#### DATA BLOCK
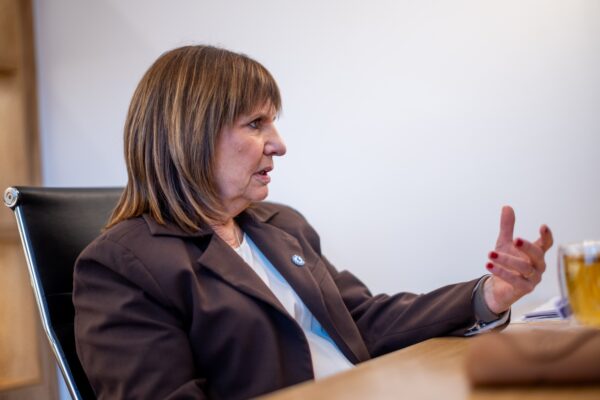 Patricia Bullrich criticó la decisión de Brasil de reducir relaciones con Argentina
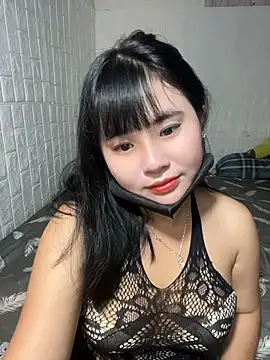 Snapshot of Lewd_couple chatting on 04.23.26 Lewd couple online show from 04.23.26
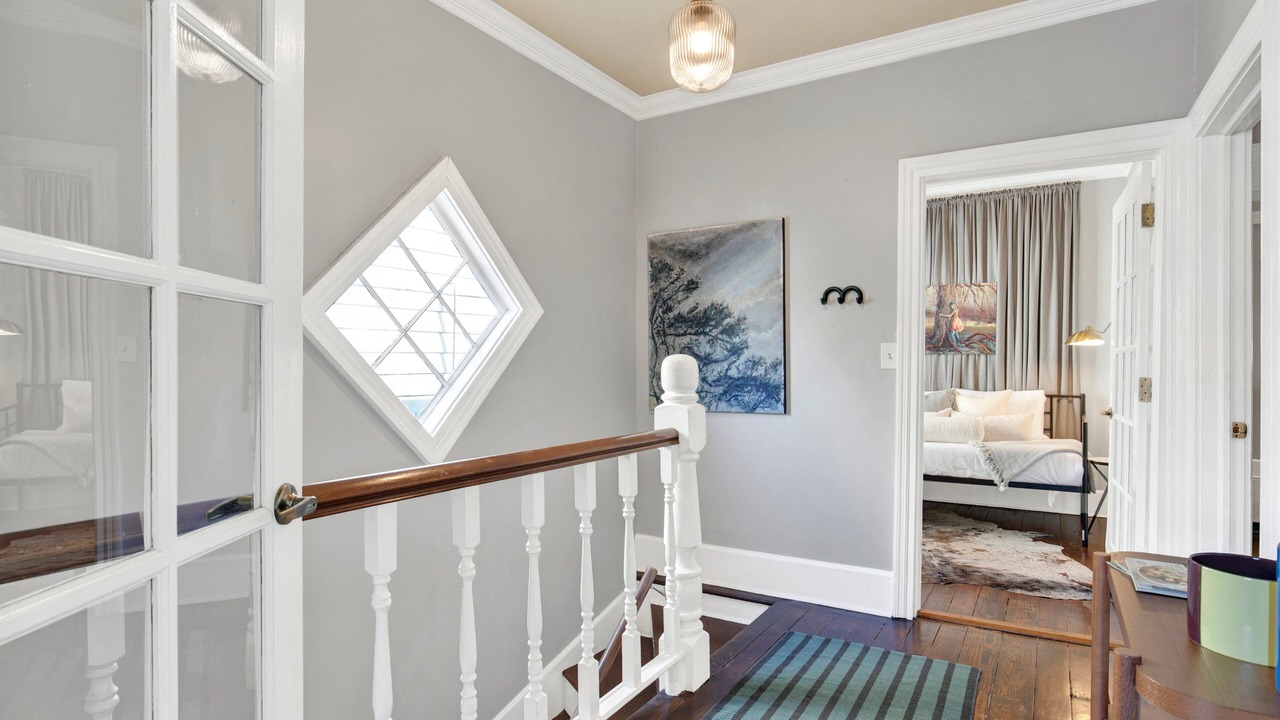 Photo of Bedroom in Beach Institute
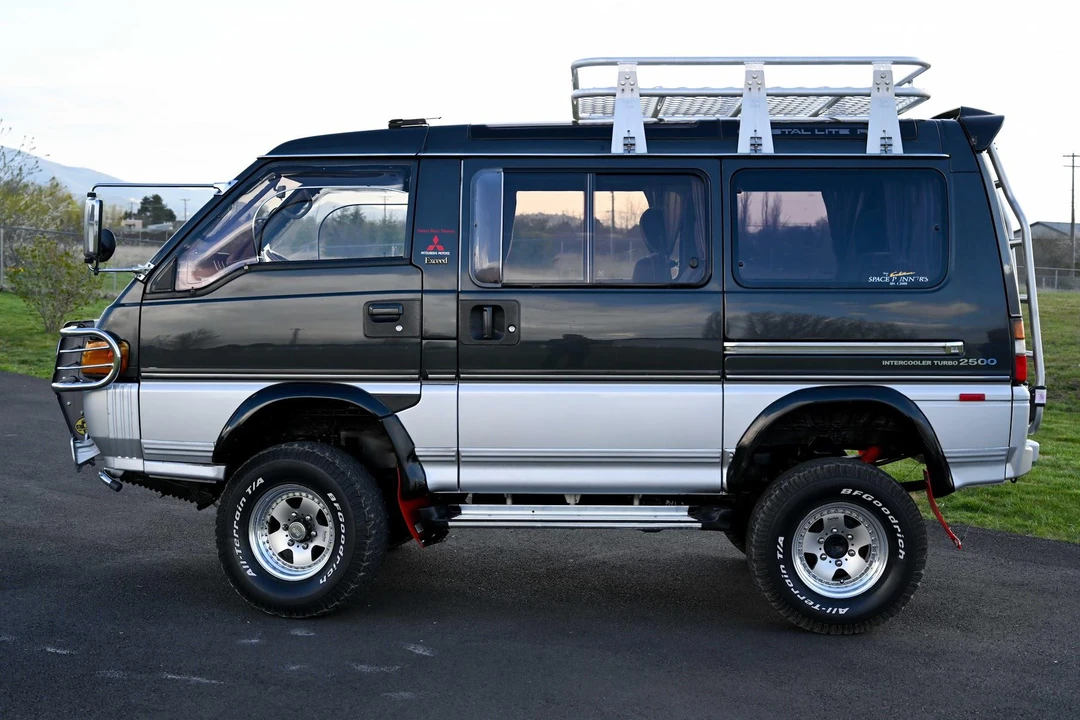 1992 Mitsubishi Delica 2nd Gen - Image 14 of 31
########
WORK REQUEST>
Leaving out every picture, extract verbatim the lines from the one containing "Photo of Bedroom in Beach Institute" through the last line of the listing, inclusive.

SOLUTION>
 Photo of Bedroom in Beach Institute
 1992 Mitsubishi Delica 2nd Gen - Image 14 of 31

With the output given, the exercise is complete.